THE DATA -
·····
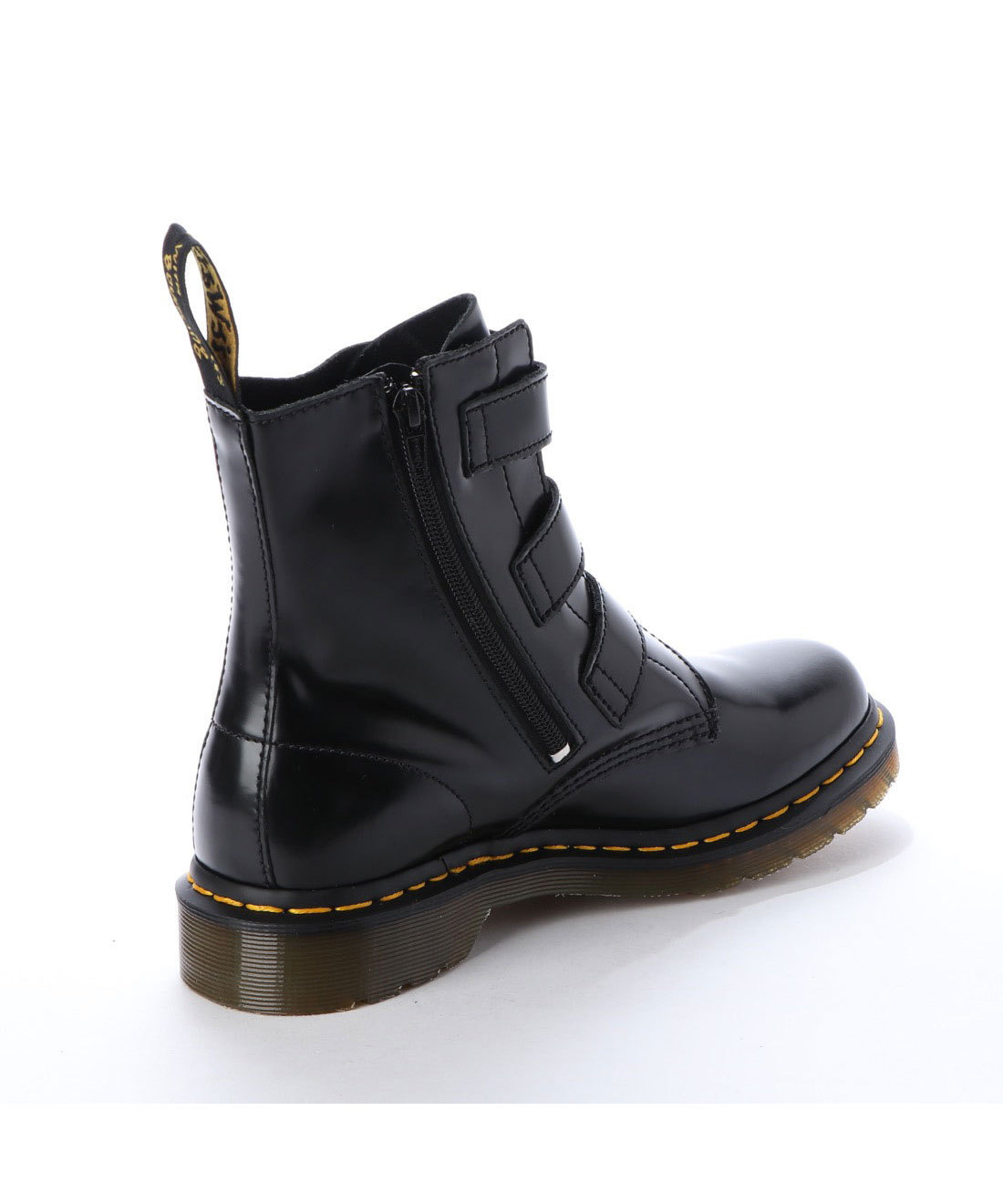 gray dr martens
·····
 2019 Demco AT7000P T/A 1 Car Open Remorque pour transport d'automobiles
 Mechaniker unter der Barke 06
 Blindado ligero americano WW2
·····
WHAT IS NEEDED - Print the lines above from the one with "Mechaniker unter der Barke 06" through the one with "Blindado ligero americano WW2", both included, exactly as written and nothing more.

TASK RESPONSE -
 Mechaniker unter der Barke 06
 Blindado ligero americano WW2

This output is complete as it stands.